Your instructions |
Lower down are entries containing pictures. Copy exactly, without those pictures, the lines from the line with "A flat-lay of" through the line with "ブラック系のトートバッグ、ブ".
START Record excerpts
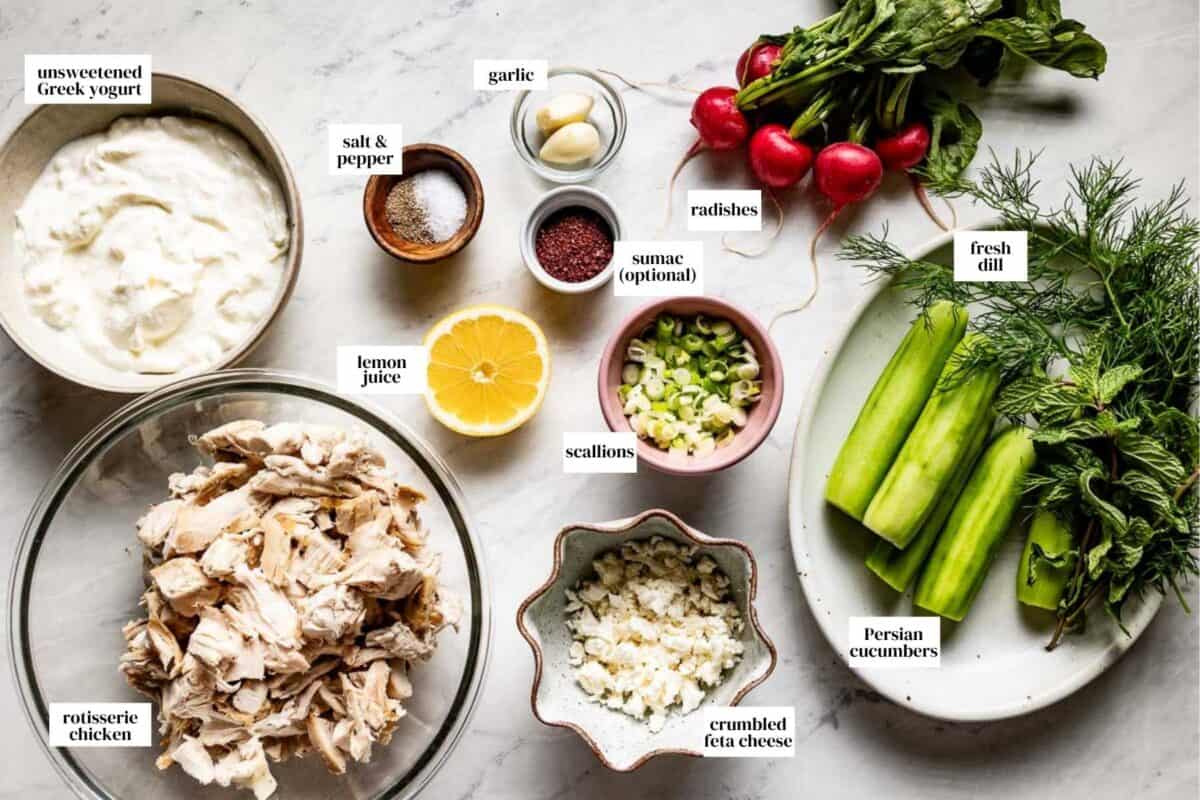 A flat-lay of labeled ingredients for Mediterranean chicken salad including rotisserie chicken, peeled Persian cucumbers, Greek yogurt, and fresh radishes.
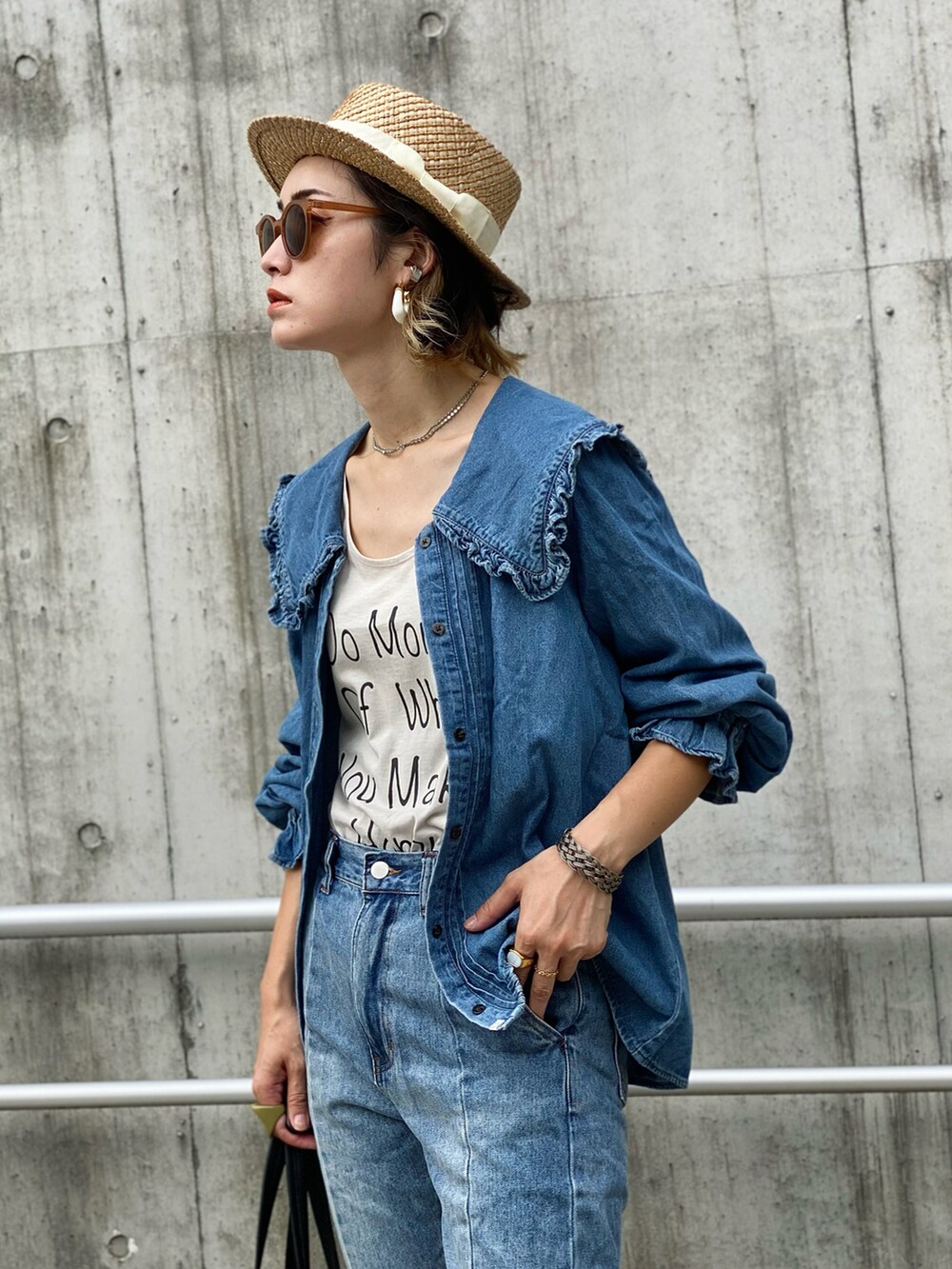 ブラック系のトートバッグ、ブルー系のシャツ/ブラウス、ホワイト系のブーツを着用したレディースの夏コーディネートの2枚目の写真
END Record excerpts
START Record excerpts
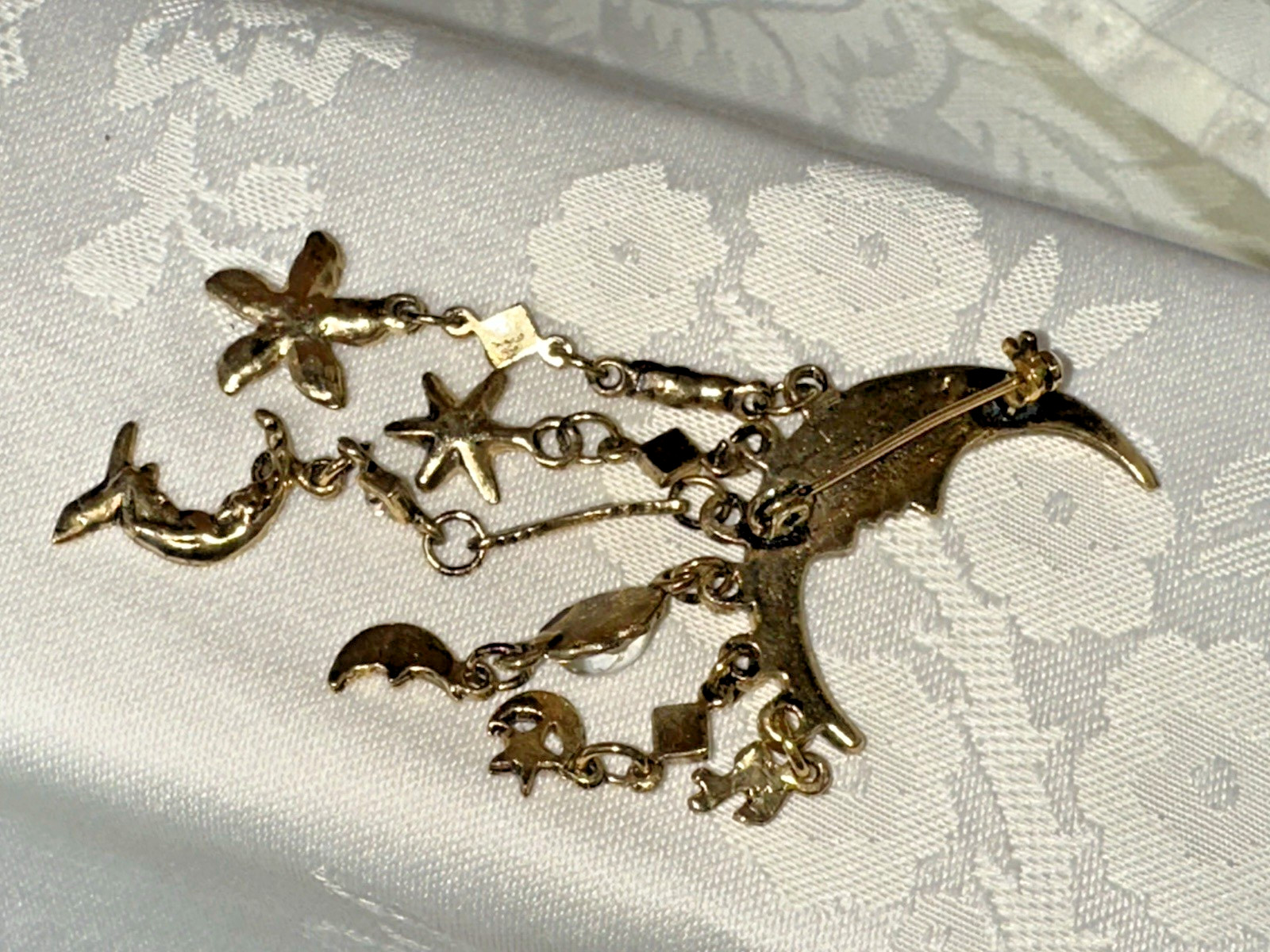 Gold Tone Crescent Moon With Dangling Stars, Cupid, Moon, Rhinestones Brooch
END Record excerpts
Result for this task |
 A flat-lay of labeled ingredients for Mediterranean chicken salad including rotisserie chicken, peeled Persian cucumbers, Greek yogurt, and fresh radishes.
 ブラック系のトートバッグ、ブルー系のシャツ/ブラウス、ホワイト系のブーツを着用したレディースの夏コーディネートの2枚目の写真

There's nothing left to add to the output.